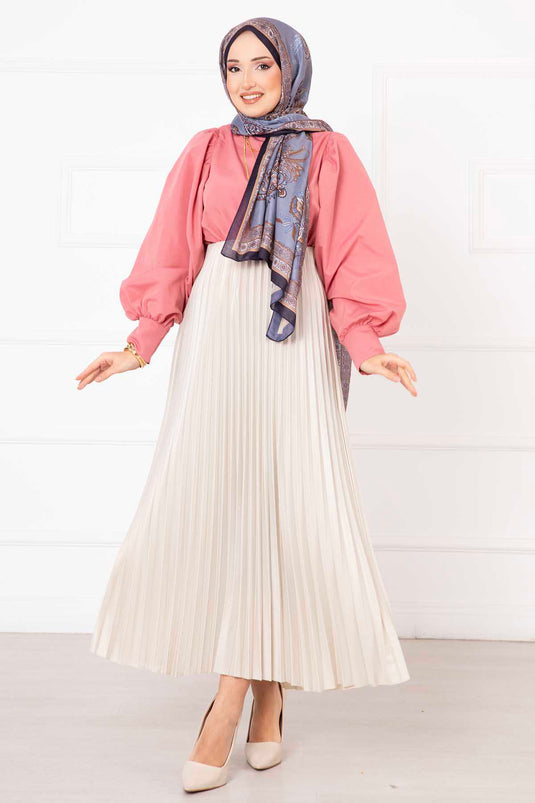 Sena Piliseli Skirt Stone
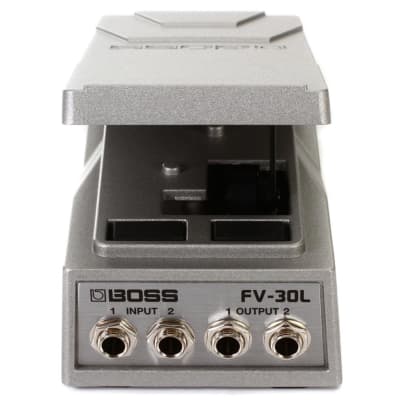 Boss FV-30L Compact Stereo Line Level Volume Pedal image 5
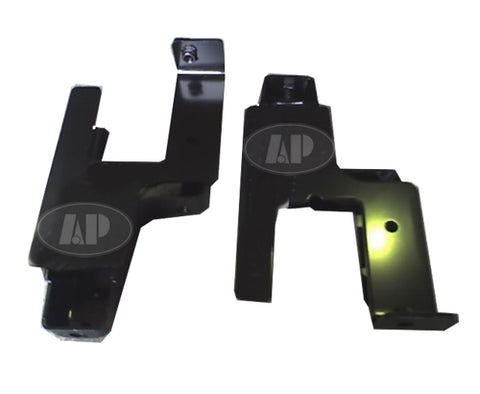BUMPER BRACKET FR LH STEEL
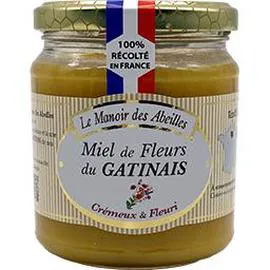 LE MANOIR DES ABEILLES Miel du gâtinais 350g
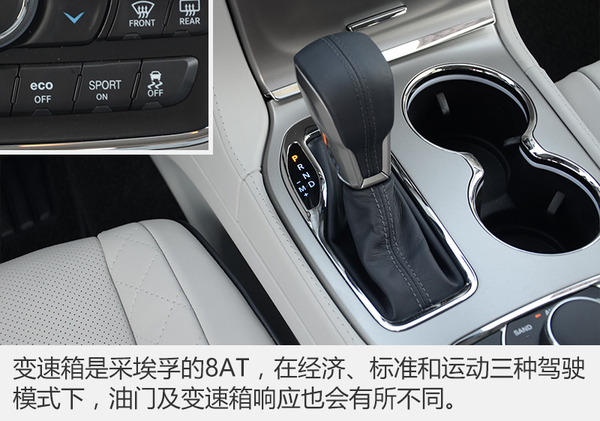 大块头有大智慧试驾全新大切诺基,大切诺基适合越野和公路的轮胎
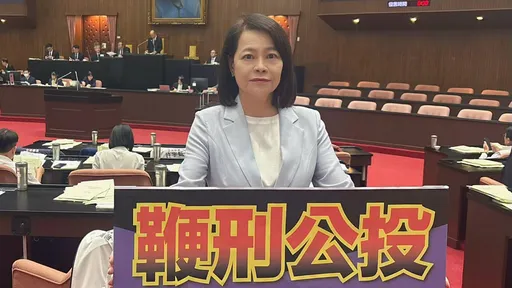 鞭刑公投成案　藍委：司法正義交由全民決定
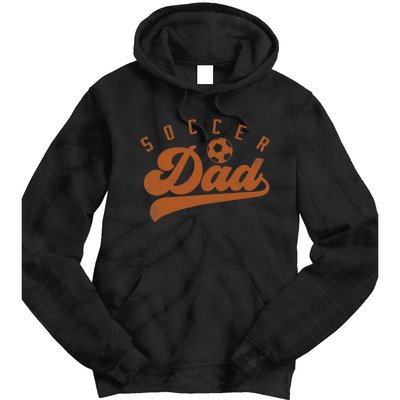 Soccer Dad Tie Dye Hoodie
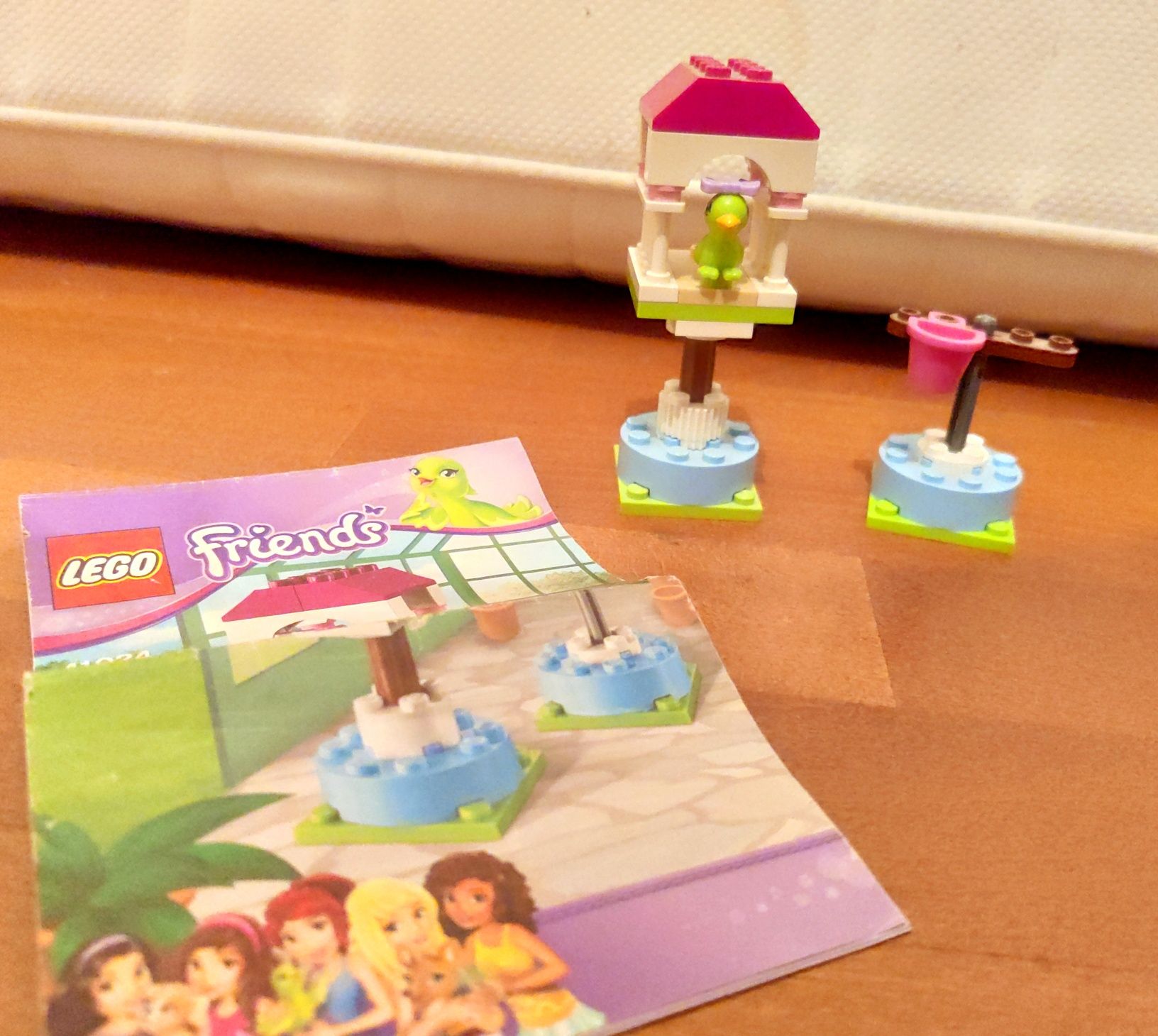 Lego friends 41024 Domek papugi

____________________

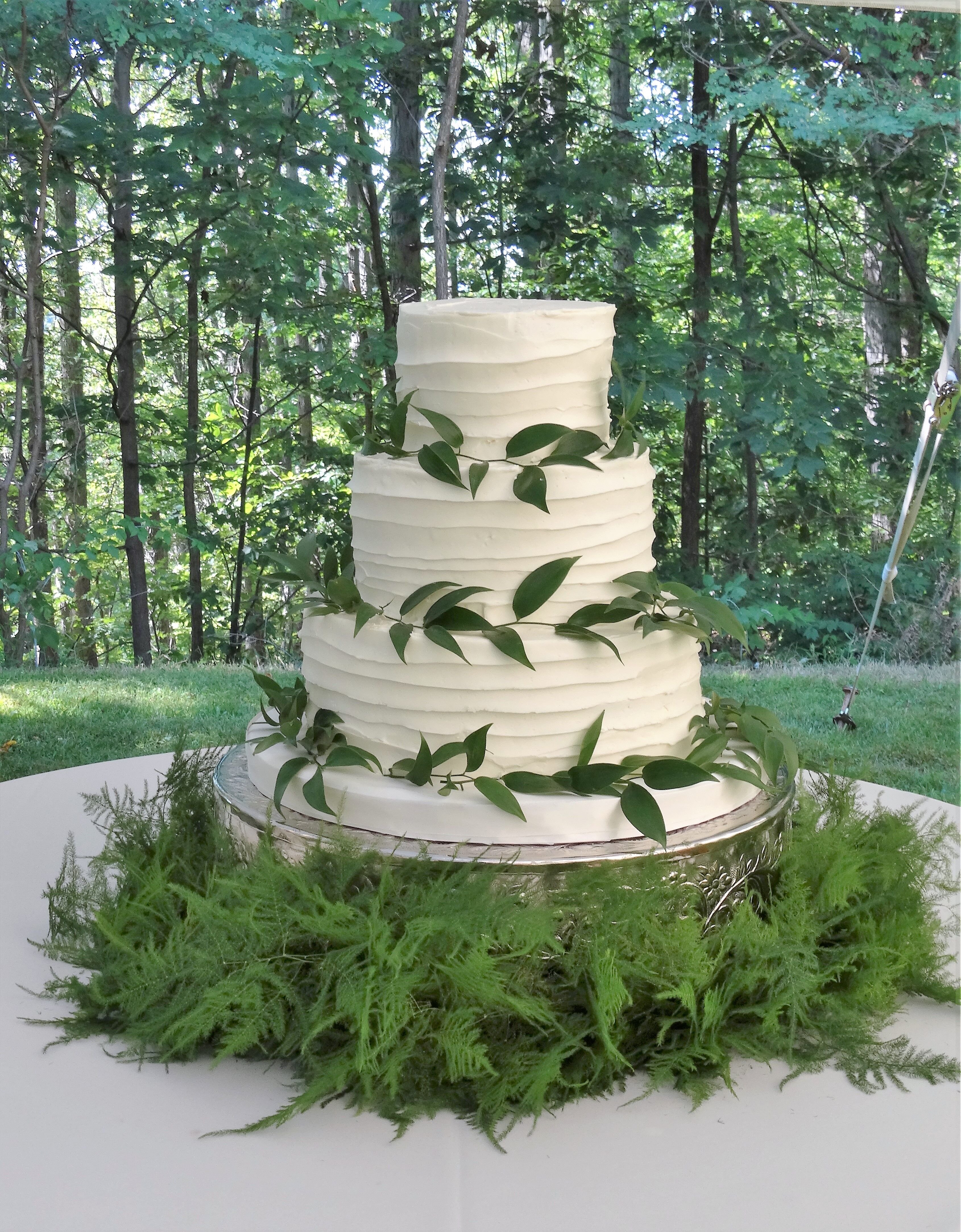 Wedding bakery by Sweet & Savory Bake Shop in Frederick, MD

____________________

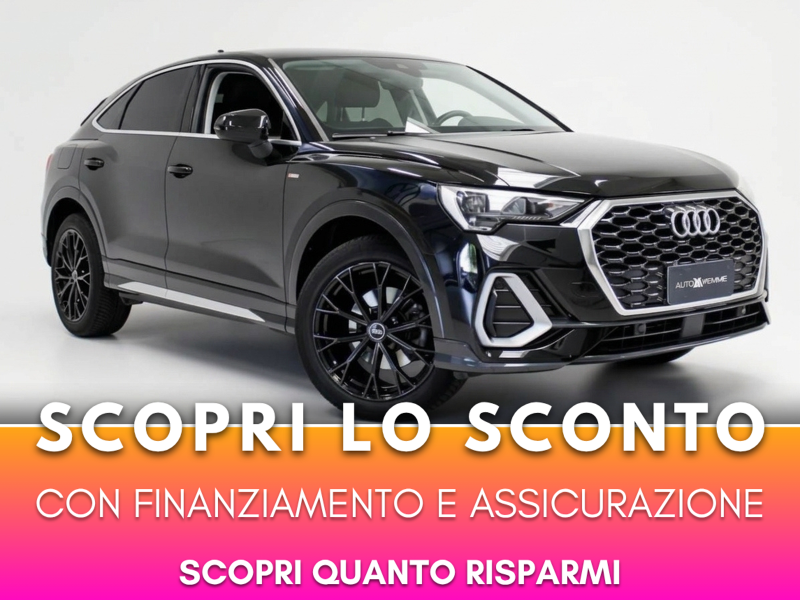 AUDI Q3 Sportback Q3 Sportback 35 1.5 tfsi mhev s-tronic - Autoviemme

____________________

▶ **Required action**
Above are records; write out the lines from the one with "Soccer Dad Tie Dye Hoodie" down to the one with "Lego friends 41024 Domek papugi", exactly, leaving the pictures out.

▶ **Solution to this problem**
 Soccer Dad Tie Dye Hoodie
 Lego friends 41024 Domek papugi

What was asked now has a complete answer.